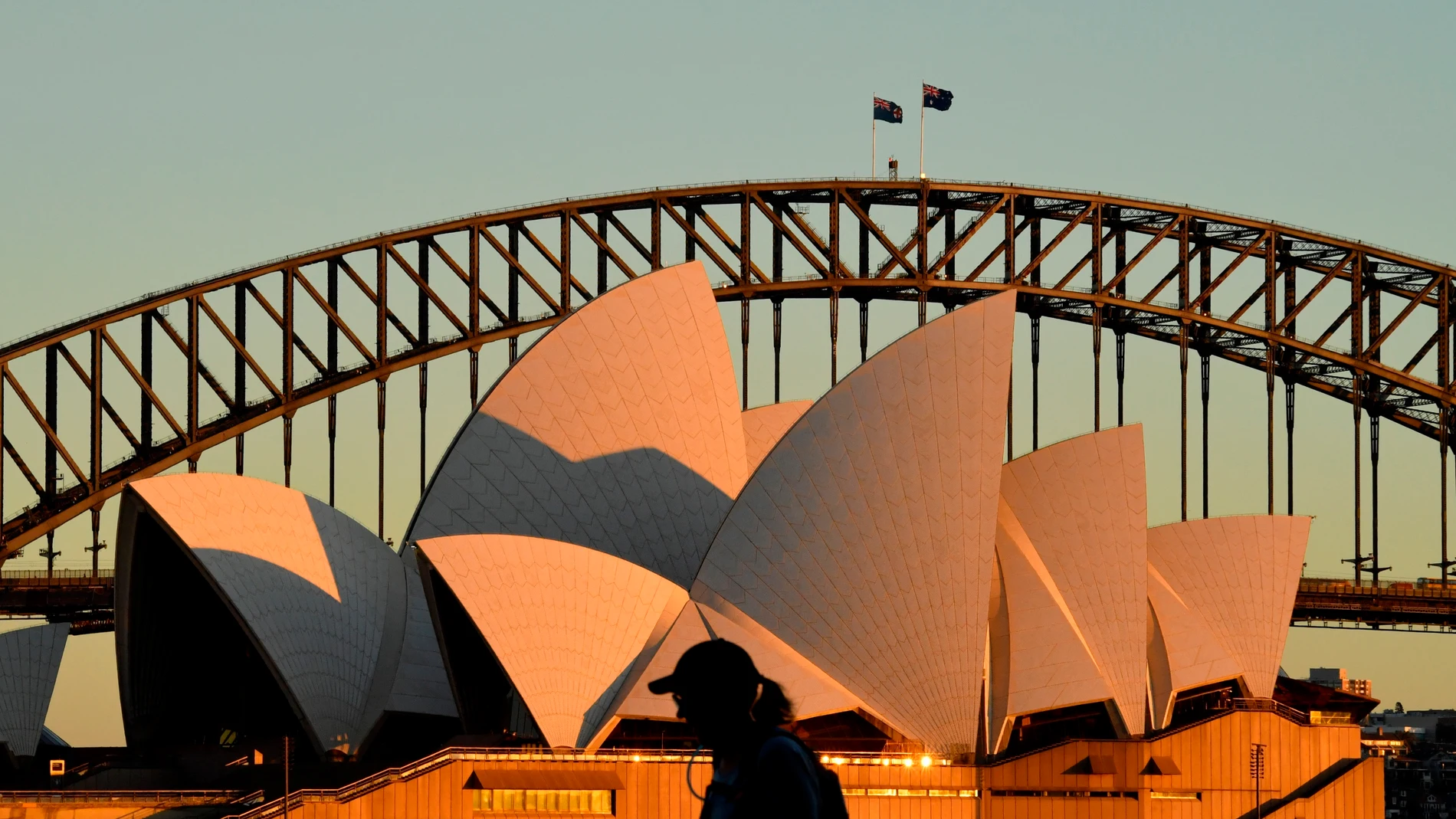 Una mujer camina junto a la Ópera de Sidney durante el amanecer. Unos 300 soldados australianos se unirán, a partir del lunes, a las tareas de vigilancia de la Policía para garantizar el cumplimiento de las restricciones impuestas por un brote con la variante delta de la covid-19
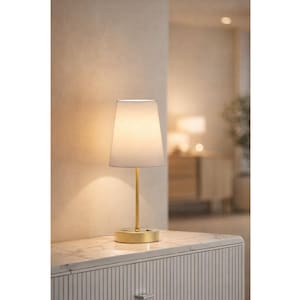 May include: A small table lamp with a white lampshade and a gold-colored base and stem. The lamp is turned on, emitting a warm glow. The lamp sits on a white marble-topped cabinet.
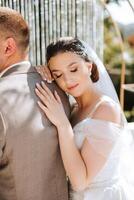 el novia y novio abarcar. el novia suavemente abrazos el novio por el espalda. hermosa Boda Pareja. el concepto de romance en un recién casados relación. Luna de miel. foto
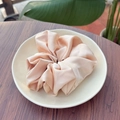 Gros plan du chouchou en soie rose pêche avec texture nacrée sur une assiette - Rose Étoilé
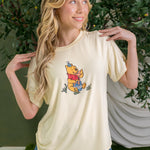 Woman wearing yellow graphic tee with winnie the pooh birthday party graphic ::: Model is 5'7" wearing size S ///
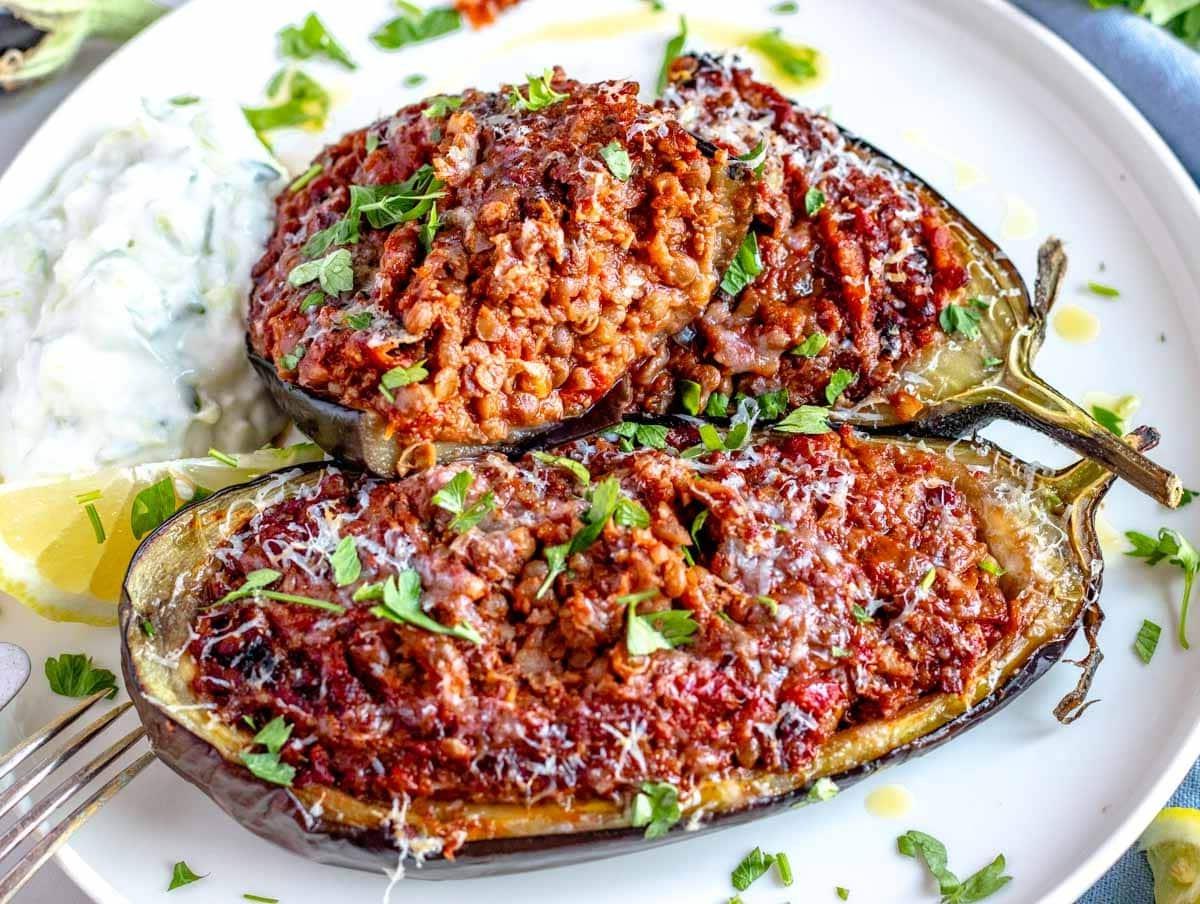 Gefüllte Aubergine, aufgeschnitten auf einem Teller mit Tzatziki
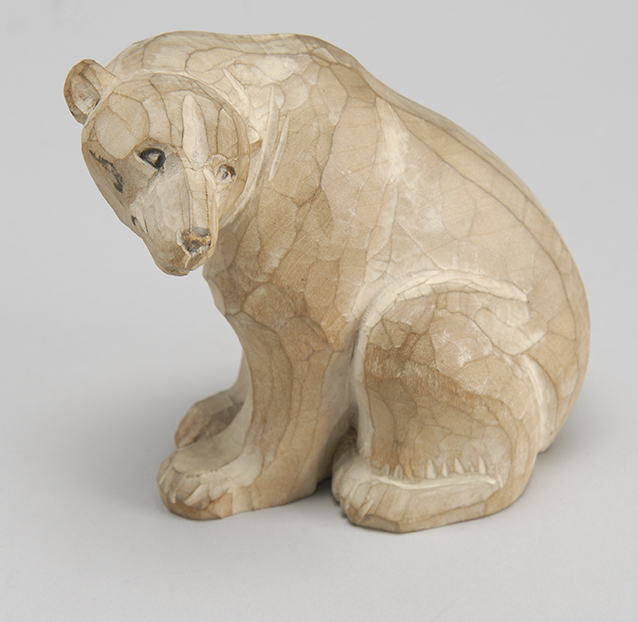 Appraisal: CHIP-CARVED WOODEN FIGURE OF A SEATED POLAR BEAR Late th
:::
- [Assigned task]
Everything from the line that contains "el novia y novio" through the final line of the material should be returned exactly, except the pictures.

- [Task answer]
 el novia y novio abarcar. el novia suavemente abrazos el novio por el espalda. hermosa Boda Pareja. el concepto de romance en un recién casados relación. Luna de miel. foto
 Gros plan du chouchou en soie rose pêche avec texture nacrée sur une assiette - Rose Étoilé
 Woman wearing yellow graphic tee with winnie the pooh birthday party graphic ::: Model is 5'7" wearing size S ///
 Gefüllte Aubergine, aufgeschnitten auf einem Teller mit Tzatziki
 Appraisal: CHIP-CARVED WOODEN FIGURE OF A SEATED POLAR BEAR Late th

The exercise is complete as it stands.